News
mitrija/stock.adobe.com

News & Press

4.5 Million Euros for Programmable Materials

Carl Zeiss Foundation supports new research cluster at the University of Freiburg in the 2019 “Breakthroughs” program line

Nov 18, 2019

The Carl Zeiss Foundation has selected the research cluster “Interactive and Programmable Materials” (IPROM) of the University of Freiburg for its “Breakthroughs 2019” program line. Over the next five years, the cluster will receive funding of 4.5 million euros for the development of innovative technical materials that respond in a set way to changing environmental conditions and thus adapt to these conditions. The IPROM cluster strengthens the University of Freiburg’s “Functional, bioinspired materials” cluster, and broadens the research at the “Living, Adaptive and Energy-autonomous Materials Systems” (livMatS) Cluster of Excellence.

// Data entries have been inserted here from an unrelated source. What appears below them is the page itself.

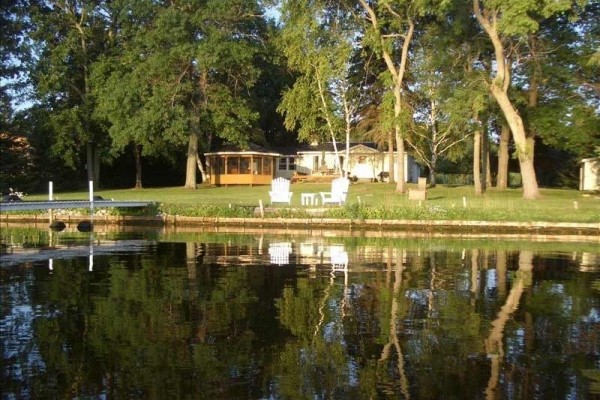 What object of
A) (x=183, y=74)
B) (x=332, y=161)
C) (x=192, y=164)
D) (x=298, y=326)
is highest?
(x=183, y=74)

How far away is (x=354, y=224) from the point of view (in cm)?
2602

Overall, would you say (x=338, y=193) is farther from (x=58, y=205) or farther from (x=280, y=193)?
(x=58, y=205)

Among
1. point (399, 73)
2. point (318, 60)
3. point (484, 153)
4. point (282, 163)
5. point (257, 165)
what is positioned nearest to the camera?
point (399, 73)

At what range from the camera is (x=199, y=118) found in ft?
150

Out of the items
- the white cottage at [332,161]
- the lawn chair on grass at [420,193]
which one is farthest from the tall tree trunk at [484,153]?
the white cottage at [332,161]

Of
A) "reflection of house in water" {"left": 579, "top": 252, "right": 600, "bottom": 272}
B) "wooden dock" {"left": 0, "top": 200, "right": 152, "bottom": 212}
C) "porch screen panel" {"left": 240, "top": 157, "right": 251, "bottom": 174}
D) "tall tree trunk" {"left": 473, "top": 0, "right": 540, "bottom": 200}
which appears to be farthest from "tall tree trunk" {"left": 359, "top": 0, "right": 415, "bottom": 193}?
"porch screen panel" {"left": 240, "top": 157, "right": 251, "bottom": 174}

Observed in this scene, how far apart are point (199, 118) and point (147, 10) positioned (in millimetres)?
7849

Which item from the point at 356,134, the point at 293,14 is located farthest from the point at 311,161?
the point at 293,14

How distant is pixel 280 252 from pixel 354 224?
8144 millimetres

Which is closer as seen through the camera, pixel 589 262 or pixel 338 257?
pixel 589 262

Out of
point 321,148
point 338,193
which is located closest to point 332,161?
point 321,148

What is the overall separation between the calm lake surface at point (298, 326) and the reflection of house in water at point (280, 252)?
10 cm

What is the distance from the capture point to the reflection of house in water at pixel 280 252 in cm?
1642

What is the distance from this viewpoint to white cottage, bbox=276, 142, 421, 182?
191 feet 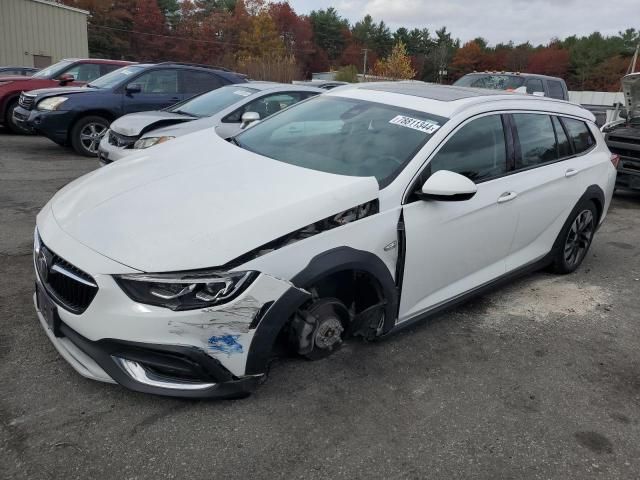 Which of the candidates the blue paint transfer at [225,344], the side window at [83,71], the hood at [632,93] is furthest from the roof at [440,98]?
the side window at [83,71]

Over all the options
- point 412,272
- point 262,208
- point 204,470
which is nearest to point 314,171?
point 262,208

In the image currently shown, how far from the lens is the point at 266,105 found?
288 inches

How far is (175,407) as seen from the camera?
263cm

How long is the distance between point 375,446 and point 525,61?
8738 centimetres

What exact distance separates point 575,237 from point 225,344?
3593mm

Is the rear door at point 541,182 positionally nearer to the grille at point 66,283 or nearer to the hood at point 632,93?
the grille at point 66,283

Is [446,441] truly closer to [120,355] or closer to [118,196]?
[120,355]

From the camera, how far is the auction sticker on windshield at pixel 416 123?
130 inches

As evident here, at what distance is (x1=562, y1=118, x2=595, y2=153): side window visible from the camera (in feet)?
14.9

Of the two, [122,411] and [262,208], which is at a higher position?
[262,208]

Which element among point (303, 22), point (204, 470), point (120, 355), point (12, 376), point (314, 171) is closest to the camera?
point (204, 470)

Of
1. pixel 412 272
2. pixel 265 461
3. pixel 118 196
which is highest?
pixel 118 196

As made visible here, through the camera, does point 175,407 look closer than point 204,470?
No

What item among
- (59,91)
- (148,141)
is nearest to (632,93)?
(148,141) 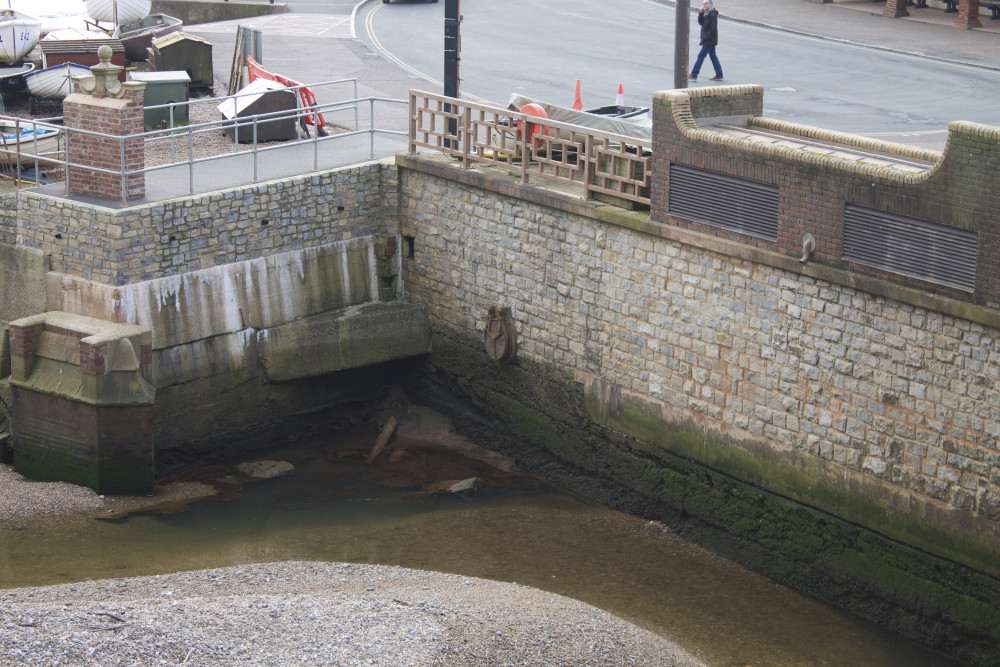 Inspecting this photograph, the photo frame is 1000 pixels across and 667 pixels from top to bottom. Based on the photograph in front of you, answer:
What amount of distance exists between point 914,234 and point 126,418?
960 centimetres

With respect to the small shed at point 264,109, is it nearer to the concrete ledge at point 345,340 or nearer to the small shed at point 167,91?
the small shed at point 167,91

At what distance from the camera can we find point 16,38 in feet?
87.7

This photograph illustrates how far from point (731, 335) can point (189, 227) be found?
281 inches

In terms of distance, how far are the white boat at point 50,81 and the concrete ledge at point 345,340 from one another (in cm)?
862

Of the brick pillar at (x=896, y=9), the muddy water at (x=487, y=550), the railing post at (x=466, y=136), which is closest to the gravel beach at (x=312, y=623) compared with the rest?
the muddy water at (x=487, y=550)

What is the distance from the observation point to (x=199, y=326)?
55.1 feet

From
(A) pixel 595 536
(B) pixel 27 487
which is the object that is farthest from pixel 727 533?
(B) pixel 27 487

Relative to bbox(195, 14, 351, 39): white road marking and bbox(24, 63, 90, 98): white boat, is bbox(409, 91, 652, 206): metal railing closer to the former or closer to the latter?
bbox(24, 63, 90, 98): white boat

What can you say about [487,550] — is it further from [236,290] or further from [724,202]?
[236,290]

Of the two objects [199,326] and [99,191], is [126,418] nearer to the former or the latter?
[199,326]

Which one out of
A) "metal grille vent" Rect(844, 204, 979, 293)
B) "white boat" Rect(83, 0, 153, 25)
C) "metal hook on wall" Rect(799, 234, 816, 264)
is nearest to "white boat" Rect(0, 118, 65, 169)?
"white boat" Rect(83, 0, 153, 25)

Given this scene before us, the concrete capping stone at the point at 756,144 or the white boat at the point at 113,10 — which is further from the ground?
the white boat at the point at 113,10

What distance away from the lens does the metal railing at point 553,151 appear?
1577 centimetres

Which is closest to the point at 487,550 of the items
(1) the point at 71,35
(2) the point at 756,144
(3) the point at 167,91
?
(2) the point at 756,144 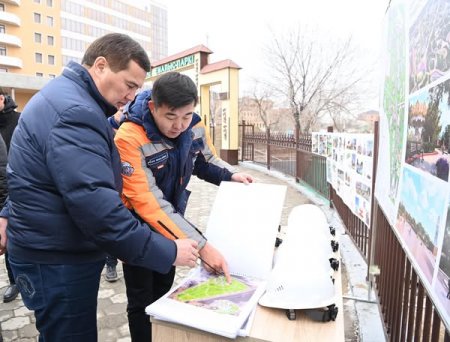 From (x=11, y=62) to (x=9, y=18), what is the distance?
4.95m

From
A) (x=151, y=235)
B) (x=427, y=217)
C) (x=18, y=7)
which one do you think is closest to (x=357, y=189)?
(x=427, y=217)

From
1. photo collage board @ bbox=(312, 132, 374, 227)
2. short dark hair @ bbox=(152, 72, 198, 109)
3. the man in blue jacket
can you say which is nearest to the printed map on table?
the man in blue jacket

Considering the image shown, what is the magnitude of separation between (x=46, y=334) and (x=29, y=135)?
774 millimetres

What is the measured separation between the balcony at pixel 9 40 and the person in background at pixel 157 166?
155 ft

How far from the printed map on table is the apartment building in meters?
33.4

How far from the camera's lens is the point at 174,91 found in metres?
1.52

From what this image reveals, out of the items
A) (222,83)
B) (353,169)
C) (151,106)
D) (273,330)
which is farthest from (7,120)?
(222,83)

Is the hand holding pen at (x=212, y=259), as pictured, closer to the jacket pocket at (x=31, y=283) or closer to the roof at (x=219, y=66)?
the jacket pocket at (x=31, y=283)

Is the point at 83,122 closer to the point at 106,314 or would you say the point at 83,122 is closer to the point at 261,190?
the point at 261,190

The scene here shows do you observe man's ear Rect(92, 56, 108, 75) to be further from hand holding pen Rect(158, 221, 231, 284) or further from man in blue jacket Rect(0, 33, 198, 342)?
hand holding pen Rect(158, 221, 231, 284)

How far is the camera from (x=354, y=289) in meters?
3.14

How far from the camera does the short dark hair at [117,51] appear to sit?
4.34 ft

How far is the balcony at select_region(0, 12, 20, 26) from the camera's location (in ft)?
130

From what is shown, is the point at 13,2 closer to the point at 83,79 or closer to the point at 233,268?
the point at 83,79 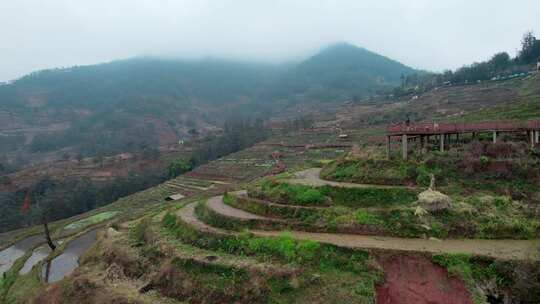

The project’s spokepersons are Prof. Dr. Jürgen Rühe, Director of the Freiburg Center for Interactive Materials and Bioinspired Technologies (FIT), and Prof. Dr. Bastian E. Rapp from the Department of Microsystems Engineering (IMTEK) at the University of Freiburg.“We are delighted that our concept “Interactive and Programmable Materials” has been selected. The funding from the Carl Zeiss Foundation will strengthen our materials research and help us to push ahead with our vision of totally innovative materials systems,” says Rühe.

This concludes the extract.